The attached resolution (and its associated report) makes recommendations to the NSFSG application and evaluation procedures. In its first cycle, the NSFSG committee found out that the faculty was given very little guidance on preparing the proposals, and there was essentially no detailed process for evaluating the proposals. As a result, the NSFSG committee received 68 proposals, many over 30 pages (some well over 50 pages) in length, in what appeared to be 68 different formats. Furthermore, lacking a specific review process, all six committee members had to review all 68 proposals, most of which were outside their area of interest / expertise, even for many proposals that came from their own college.
The research committee was therefore charged separately by the senate as well as the provost to prepare a set of guidelines to streamline the application as well as the evaluation process. The attached document provides such a process in detail. Please note that the level of detail provided in the document is for the benefit of the faculty, so that they can follow a very specific set of guidelines on what should the proposal include, how long it should be, what budget items are allowable, and how the evaluation process be conducted. For the senators, I would like to provide the following executive summary of the document.

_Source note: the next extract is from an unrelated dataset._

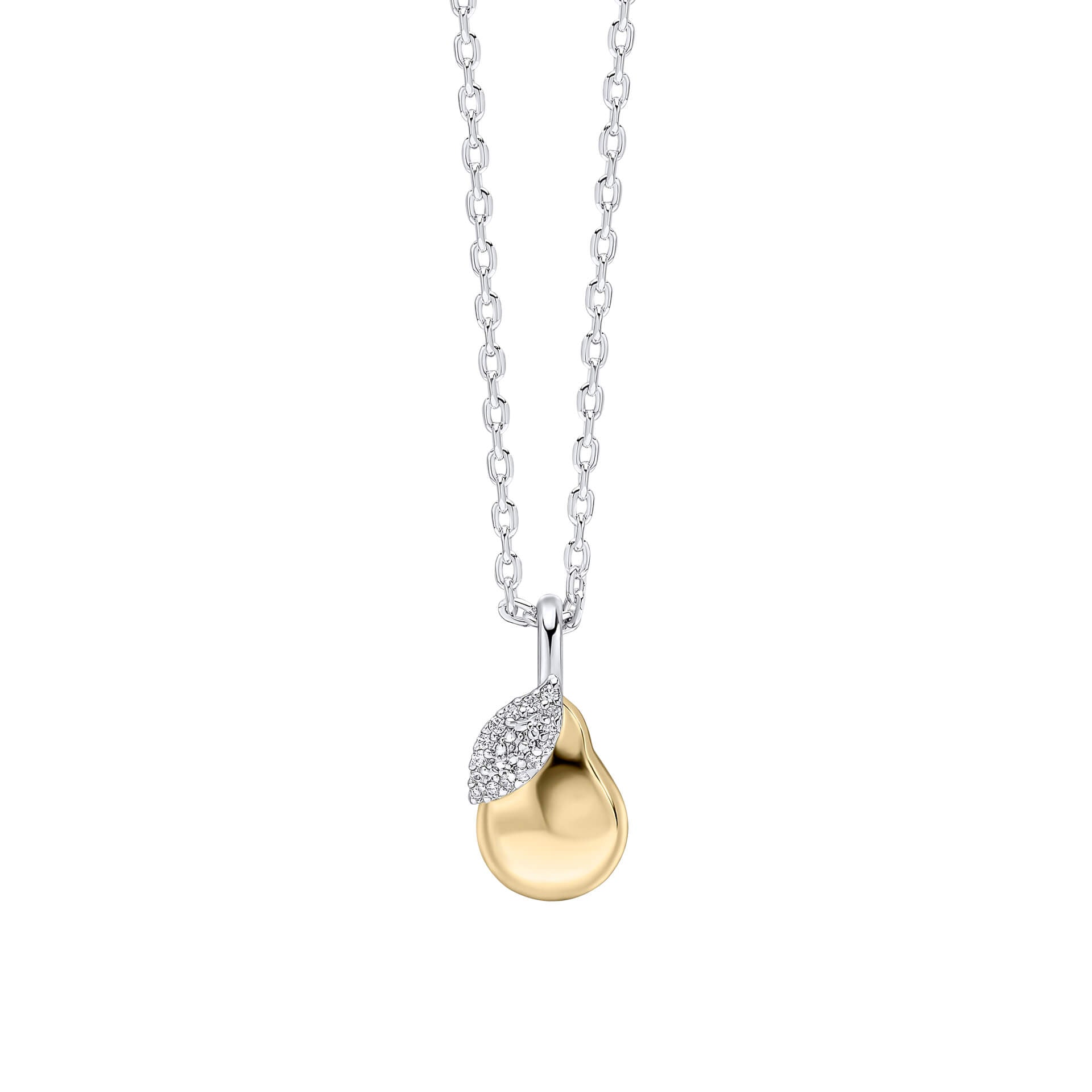 Gecko Jewellery Silver and Gold-Plated Brass Pear Necklace with CZ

Preparation: The proposal consists of a cover page, an extended summary written for general audience (1 page), main project description written for colleagues / experts in the same topical area (6 pages), references (2 pages), a budget and its brief justification (2 pages) and a CV (2 pages). All page counts are upper limits, with 1 inch margins and 10 point font or higher. Any faculty whose project scope does not require that many pages may — and in fact encouraged to — use fewer pages with a larger font, if they so desire. The recommended content of these sections are provided in detail (in the attached guidelines), and in general designed to guide the faculty member to make a strong case for his/her proposal. The guidelines, again in general, represent the minimum set of requirements that are typically asked by most funding agencies; hence preparing the proposal according to these guidelines would help faculty improve their proposal writing skills, should they decide to apply for future funding from external sources.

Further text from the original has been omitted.